I WU MING E LA SECONDA VITA DI GIAP
Dopo dieci anni, il collettivo bolognese chiude la sua storica newsletter, trasformandola in blog. Tra presente e futuro, disseminazione e razionalizzazione dei contenuti, social network, iPad e copyright, Wu Ming 1 ci spiega perché. di
Luca Castelli

Dieci anni. Oltre cento invii. Più di dodicimila iscritti. Sono i numeri di Giap, la newsletter-rivista con cui – dal 2000 all’altro ieri – il collettivo di scrittori Wu Ming ha mantenuto via email il contatto con i lettori.
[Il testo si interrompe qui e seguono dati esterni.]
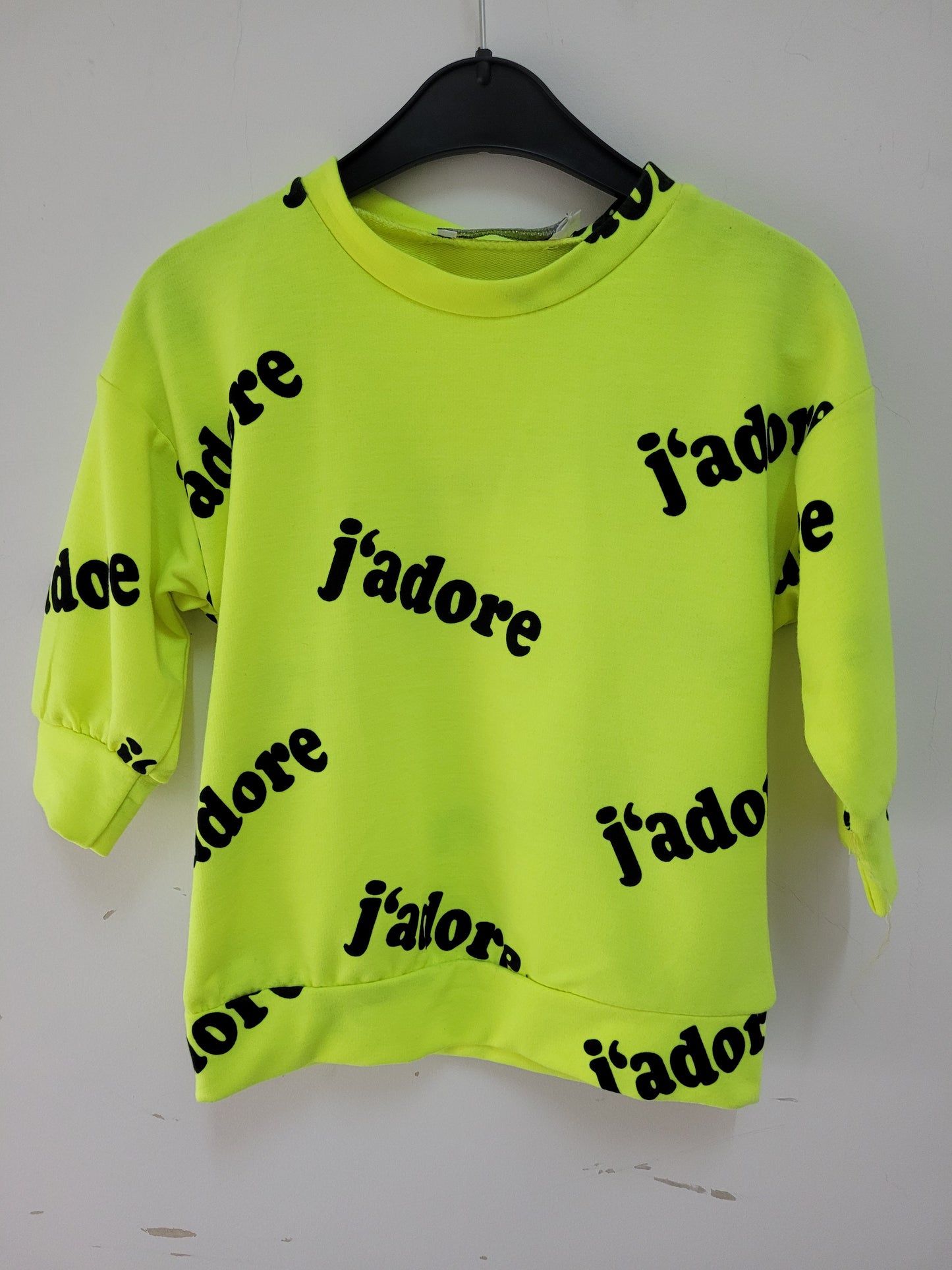 J’adore sweaterdress | Neon groen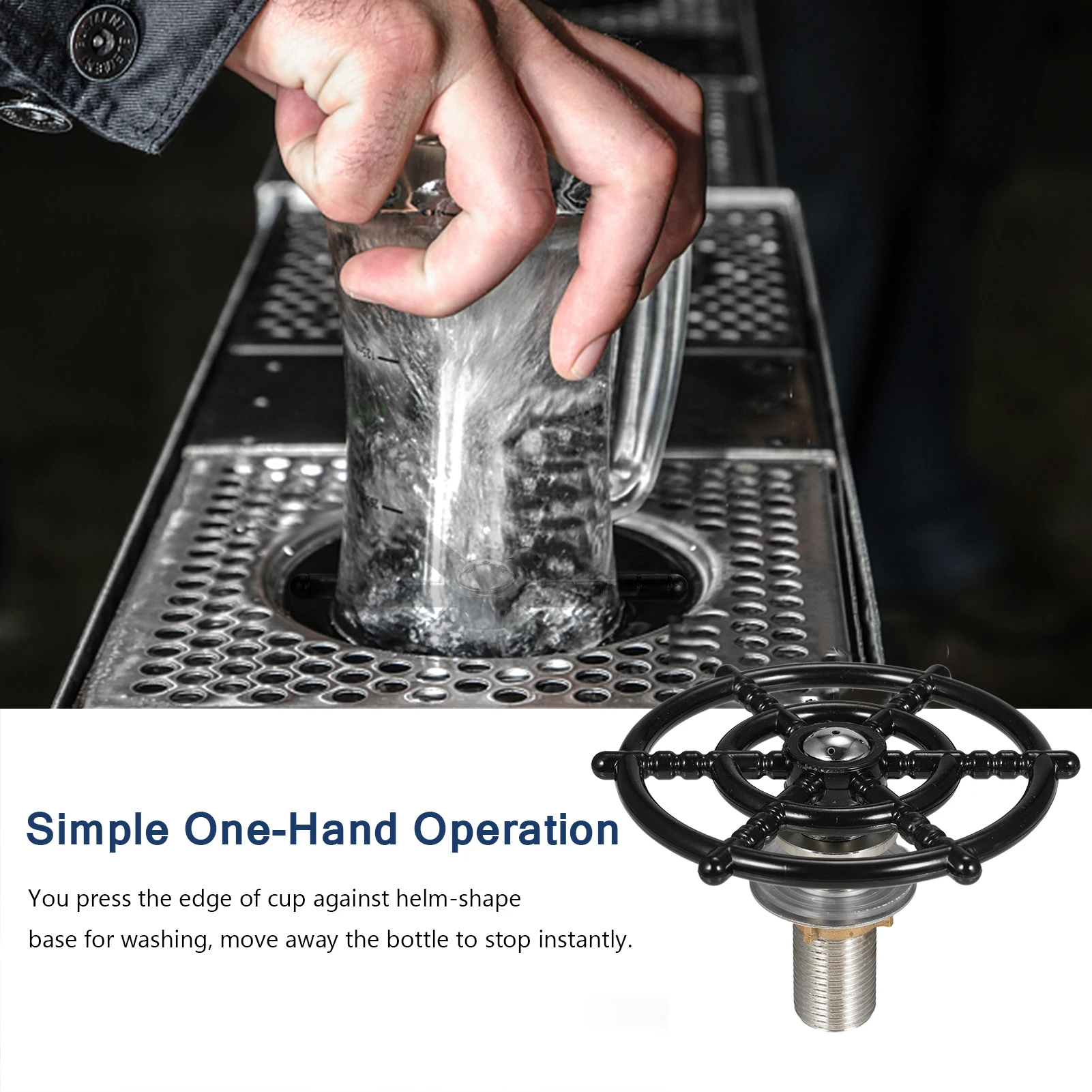 Glass Rinser Bar Glass Rinser Faucet Head Kitchen Sink Accessories for Beer Cup Glass Bottle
Articoli, riflessioni, racconti, link e battaglie: un modo innovativo, soprattutto in Italia, per sviluppare la propria presenza online. Un percorso, tuttavia, che si è pian piano rarefatto. Fino alla chiusura definitiva della newsletter, trasformata in blog e integrata con Twitter, Anobii, il mondo dei social network, dei feed, dell’aggiornamento costante e istantaneo. Protagonisti di numerose iniziative online, dal progetto transmediale di Manituana al download libero di tutti i loro libri, fin dagli albori del www i Wu Ming svolgono un ruolo di avanguardia nell’esplorare la mutazione dell’autore ai tempi delle tecnologie digitali. Per questo, prendendo spunto dalla seconda vita di Giap, abbiamo deciso di fare il punto sulla situazione con il gruppo. A risponderci, attraverso i fili invisibili di Skype, è stato Wu Ming 1.

Perché avete deciso di terminare le spedizioni di Giap?

Di fatto, l’ultimo numero di Giap risale all’ottobre 2009. La newsletter è già chiusa da tempo. Negli ultimi mesi abbiamo comunicato principalmente tramite il blog dedicato ad Altai, Twitter e sulla bacheca della nostra libreria su Anobii. Gestire una newsletter via email negli anni è diventato sempre più brigoso: tra problemi tecnici, antispam, gente che si iscrive e poi se ne dimentica e  protesta perché la riceve. Inoltre, per fare Giap era necessaria una vera e propria attività redazionale ed era uno strumento troppo lento. Per “giustificare” la spedizione di un numero c’era bisogno di una certa quantità di materiale significativo, quindi le spedizioni erano rarefatte.

E’ vero, come scrivete sul vostro sito, che avete cancellato tutti gli indirizzi degli abbonati? Un’eresia nell’era del marketing digitale…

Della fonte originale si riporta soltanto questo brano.